The unanimous vote among House Democrats to approve sweeping political overhaul legislation last week opened what is likely to be a sustained confrontation over access to the voting booth that could reshape not only the competition between the political parties but also the racial division of power in an irreversibly diversifying America.

The legislation, HR 1, has little prospect of becoming law anytime soon because Senate Majority Leader Mitch McConnell has already indicated he intends to block it from reaching a vote – and President Donald Trump has committed to a veto if it somehow passes Congress.

But the bill identified a comprehensive agenda – particularly in razing obstacles that discourage people from registering and voting – that has quickly moved to the top of Democratic priority lists for the 2020 campaign and beyond.

And it makes clear that Democrats and civil rights groups are committed to a long-range campaign to leverage federal power to overcome state-level barriers, particularly across the Sun Belt, that local Republican parties have constructed, partly to delay the political emergence of growing minority communities, critics suspect, which tend to vote Democratic.
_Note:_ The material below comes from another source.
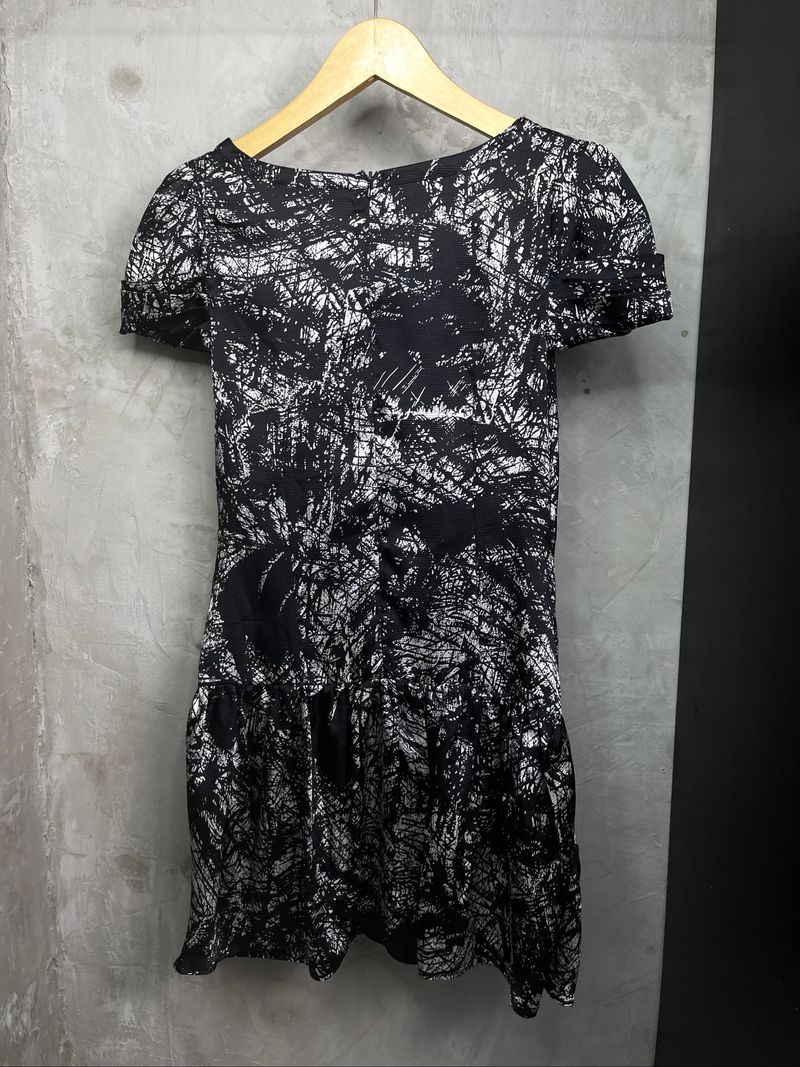 Just Cavalli By Roberto Cavalli Marble Abstract Pattern Blac, foto 5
“There is a sense that while the restriction of voting rights and the closing of polling stations and the variety of things that have been disenfranchising younger voters of color, and younger voters in general, has been happening at a state level, it’s been part of a national plan,” notes sociologist Manuel Pastor, director of the Program for Environmental and Regional Equity at the University of Southern California. “So it’s no surprise that once Democrats have control of the House they are trying to use the levers of the federal government to do something about this.”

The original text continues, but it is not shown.